En un mayo voluble, refugiados de la lluvia bajo la marquesina del cine Capitol, hace ya muchos años, una fortuna inolvidable me llegó de la generosidad de Javier Sorogoyen. Sacó del bolsillo interior de su gabardina unas hojas fotocopiadas y dos recortes de periódico. Me preguntó si conocía a Rodolfo Walsh y le contesté que no. Me alargó aquellos folios, de aspecto muy usado, que contenían tres cuentos y unos recortes de periódico. Sugirió –me ordenó, para ser preciso– que los leyera. Los comencé nada más subirme en el 7, un autobús que iba desde el centro hasta mi barrio. No fui consciente de que el autobús se moviera; me dio tiempo a leer dos veces el titulado Esa mujer, un cuento inquietante que desde entonces me acompaña insistentemente por la vida.

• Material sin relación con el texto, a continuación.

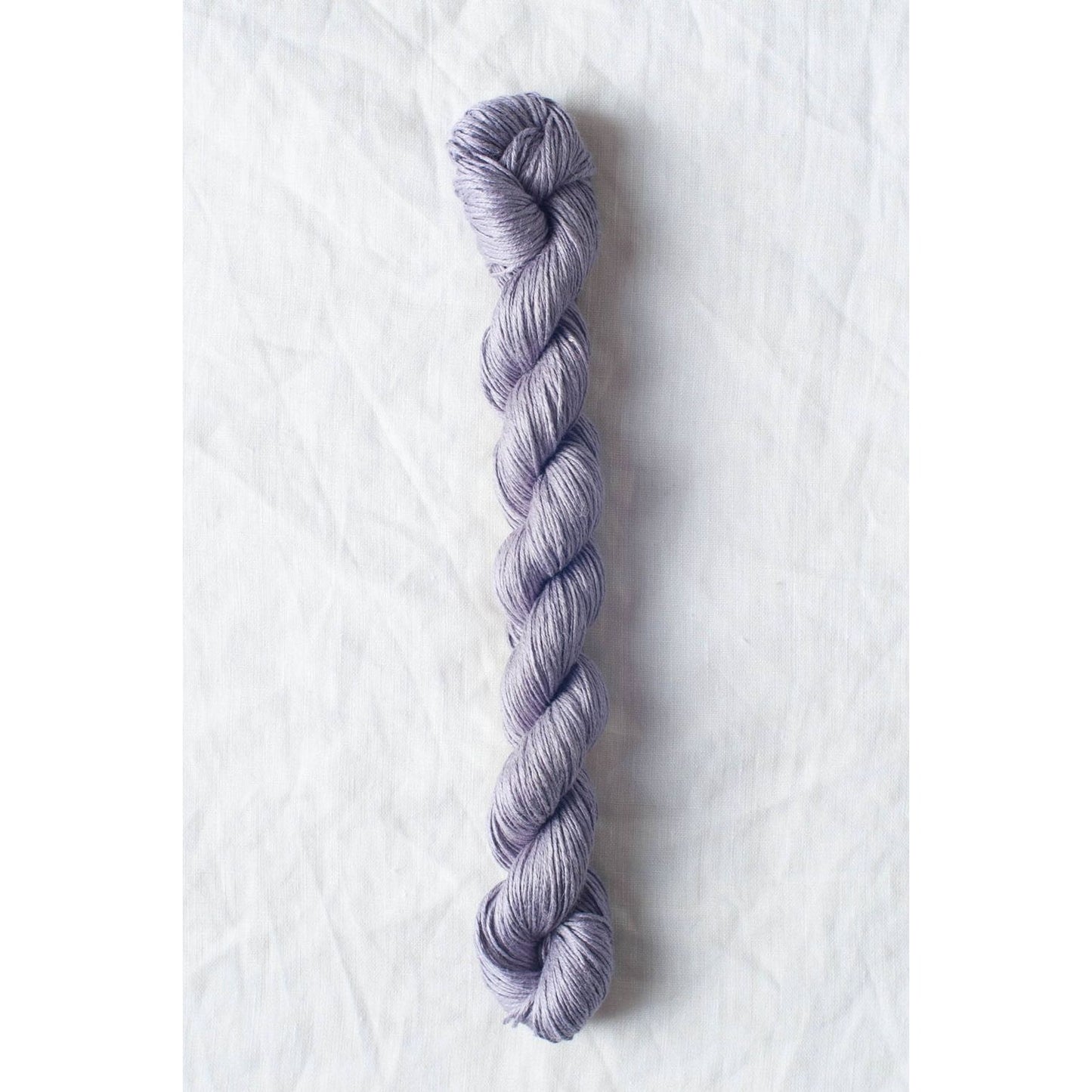 Sparrow organic linen yarn in soft lavender color perfect for eco-friendly knitting projects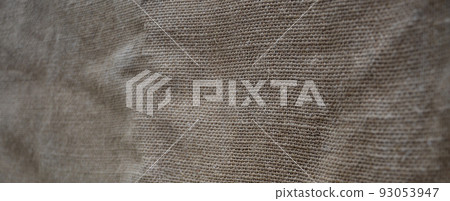 The texture of a very old brown sack cloth. Retro texture with canvas material. Background image with copy space 93053947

Roberto Walsh es la paradigmática solución de una tensión que todavía para la mayoría de conservadores e idealistas (en el peor sentido de los términos) no está resuelta: la establecida entre el intelectual y la política, entre la literatura y el compromiso social. Walsh mostró que puede conjugarse la excelencia literaria con la responsabilidad que dignifica y provee de transcendencia aquí, en nuestro mundo, despreciando engañosas esperanzas que aspiran a otros paraísos.
Walsh no se resguardó, como otros intelectuales hicieron y practican, tras los débiles testimonios que permiten retiradas a tiempo. El 24 de marzo de 1977 se lo jugó todo; publicó su influyente Carta abierta de un escritor a la Junta Militar. Unas horas más tarde fue apresado, torturado, asesinado: su nombre figura hoy en las listas de desaparecidos

[1]. En palabras del propio Walsh: “Nuestras clases dominantes han procurado siempre que los trabajadores no tengan historia, no tengan doctrina, no tengan héroes ni mártires. Cada lucha debe empezar de nuevo, separada de las luchas anteriores: la experiencia colectiva se pierde, las lecciones se olvidan. La historia aparece así como propiedad privada, cuyos dueños son los dueños de todas las otras cosas”.
Disfruté de una íntima alegría cuando hace poco me enteré de que la editorial Veintisiete Letras había editado los cuentos completos, hasta ahora dispersos, de Walsh. En la edición comentada hay piezas extraordinarias que resultarán admirables para los lectores: desde El soñador a Los ojos del traidor, desde Cuento para tahúres a La mujer prohibida.
Una tarde del verano de 1998, tomando café helado en el Central, le comenté a mi insustituible amiga –magnífica escritora y traductora– Marga López Bonilla, mi admiración por Rodolfo Walsh. Y también le hablé de su cuento Esa mujer, un relato que mi ignorancia creía casi secreto para los demás. Mi amiga sonrió indulgentemente al desvelarme que tal cuento era considerado por muchos, lectores y críticos, como el mejor escrito en Argentina durante el siglo XX.

—[1] Un imperdonable azar de las fechas, dos meses antes, nos masacró en España con la Matanza de Atocha, donde fueron asesinados cinco compañeros abogados y malheridos otros tantos por grupos de verdugos afines al franquismo.